[Opening DATA FOR THIS EXERCISE section]

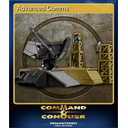 Advanced Comms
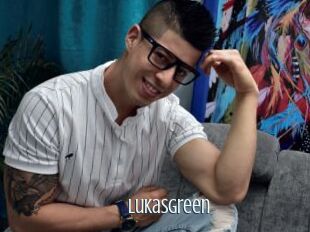 LukasGreen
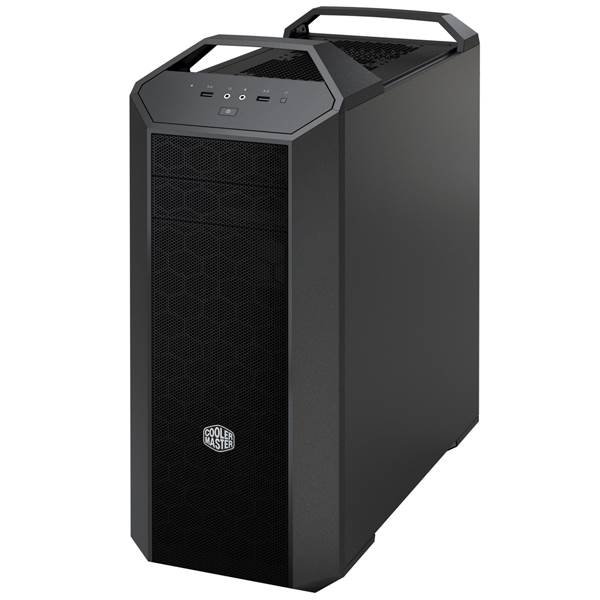 COOLER MASTER MASTERCASE 5 MID-TOWER CASE MCX-0005-KKN00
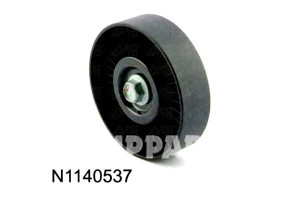 Rolka Paska Nipparts 252862b000 252862b010 J114054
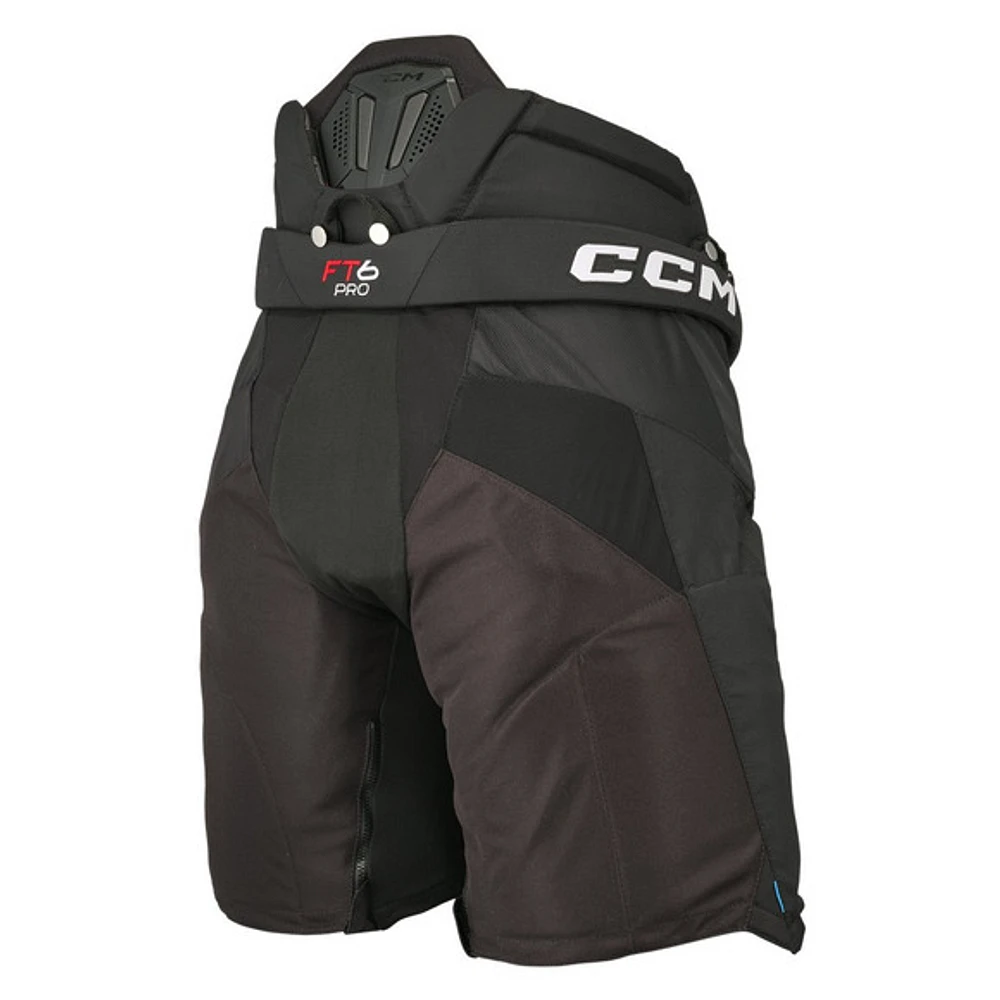 Jetspeed FT6 Pro Sr - Senior Hockey Pants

[Closing DATA FOR THIS EXERCISE section]

▶ _WHAT IS BEING ASKED_: Retype each entry precisely. Skip images entirely.

▶ _EXERCISE ANSWER_:
 Advanced Comms
 LukasGreen
 COOLER MASTER MASTERCASE 5 MID-TOWER CASE MCX-0005-KKN00
 Rolka Paska Nipparts 252862b000 252862b010 J114054
 Jetspeed FT6 Pro Sr - Senior Hockey Pants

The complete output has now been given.